The statute as construed in these cases makes it a criminal offense to communicate to others views and opinions respecting governmental policies, and prophesies concerning the future of our own and other nations. As applied to the appellants it punishes them although what they communicated is not claimed or shown to have been done with an evil or sinister purpose, to have advocated or incited subversive action against the nation or state,6 or to have threatened any clear and present danger to our institutions or our government.7 What these appellants communicated were their beliefs and opinions8 concerning domestic measures and trends in national and world affairs.
Chap. 178, General Laws of Mississippi, 1942.
Taylor v.

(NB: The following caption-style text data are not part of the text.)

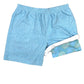 Light blue men's swim shorts with elastic waistband, green turtle lining. Sizes: S-XXL.
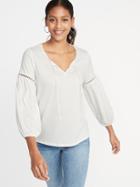 Old Navy Womens Relaxed Tie-neck Peasant Top For Women Cream Size Xs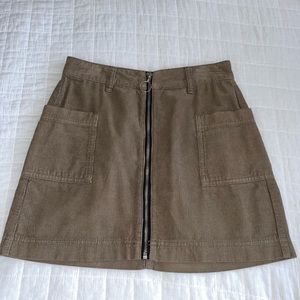 PacSun olive green corduroy zip up skirt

State, 194 Miss. —-, 11 So.2d 663; Cummings v. State, 194 Miss. —-, 11 So.2d 683; Benoit v. State, 194 Miss. —-, 11 So.2d 689.
There is no charge in any of the indictments of (1) preaching, teaching, dissemination of teachings, or distribution of written or printed matter designed or calculated to encourage violence or sabotage; (2) advocacy, by action or speech, of the cause of the enemies of the United States; (3) the giving of information as to military affairs; (4) incitement of racial disturbances, disorder, prejudice or hatred.
See Schenck v. United States, 249 U.S. 47, 39 S.Ct. 247, 63 L.Ed. 470; Abrams v. United States, 250 U.S. 616, 40 S.Ct. 17, 63 L.Ed. 1173; Whitney v. California, 274 U.S. 357, 47 S.Ct. 641, 71 L.Ed. 1095.
See De Jonge v. Oregon, 299 U.S. 353, 57 S.Ct. 255, 81 L.Ed. 278; Herndon v. Lowry, 301 U.S. 242, 57 S.Ct. 732, 81 L.Ed. 1066.
See Stromberg v. California, 283 U.S. 359, 51 S.Ct. 532, 75 L.Ed. 1117, 73 A.L.R. 1484; Thornhill v. Alabama, 310 U.S. 88, 60 S.Ct. 736, 84 L.Ed. 1093.